Metrics for Identifying Bias in Datasets

ICYRIME 2021 International Conference of Yearly Reports on Informatics Mathematics, and Engineering 2021, Online, July 9, 2021
Alessandro Simonetta, Andrea Trenta, Maria Cristina Paoletti, Antonio Vetrò
AttachmentSize
PDF icon 2021-ceur-ws.pdf1.24 MB
9 July 2021

Nowadays automated decision-making systems are pervasively used and more often, they are used for taking important decisions in sensitive areas such as the granting of a bank overdraft, the susceptibility of an individual to a virus infection, or even the likelihood of repeating a crime. The widespread use of these systems raises a growing ethical concern about the risk of a potential discriminatory impact. In particular, machine-learning systems trained on unbalanced data could rise to systematic discriminations in the real world. One of the most important challenges is to determine metrics capable of detecting when an unbalanced training dataset may lead to discriminatory behaviour of the model built on it.

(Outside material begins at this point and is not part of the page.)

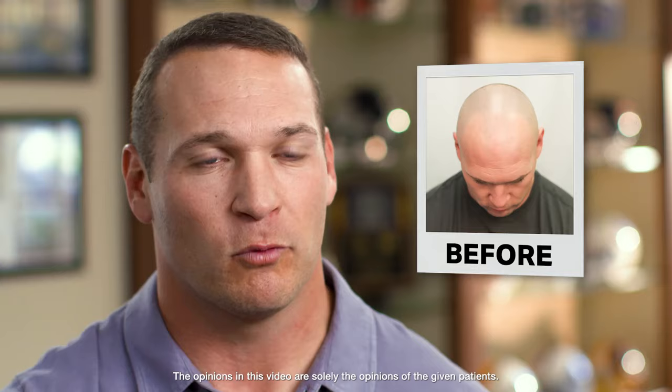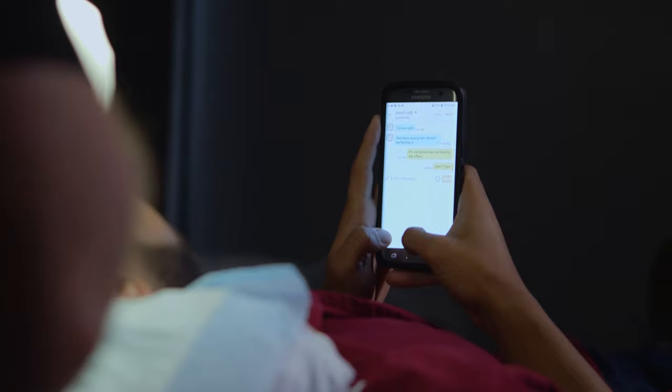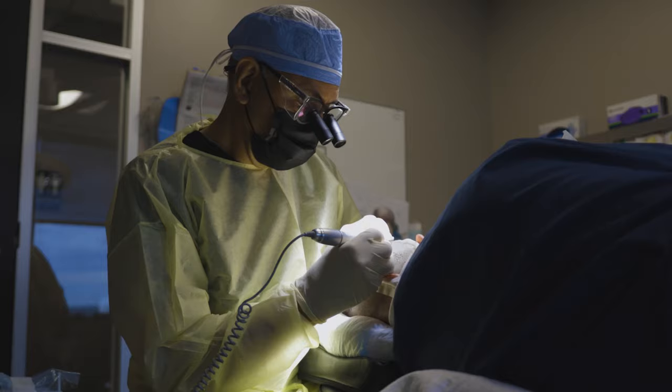It was very easy. There's no cutting, no stitches — I had enough of that when I played hockey. You'll spend the afternoon watching movies or listening to music while we move healthy follicles to your bald or thin areas.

In this paper, we propose an approach based on the notion of data completeness using two different metrics: one based on the combinations of the values of the dataset, which will be our benchmark, and the second using frame theory, widely used among others for quality measures of control systems. It is important to remark that the use of metrics cannot be a substitute for a broader design that must take into account the columns that could lead to the presence of bias in the data. The line of research does not end with these activities but aims to continue the path towards a standardised register of measures.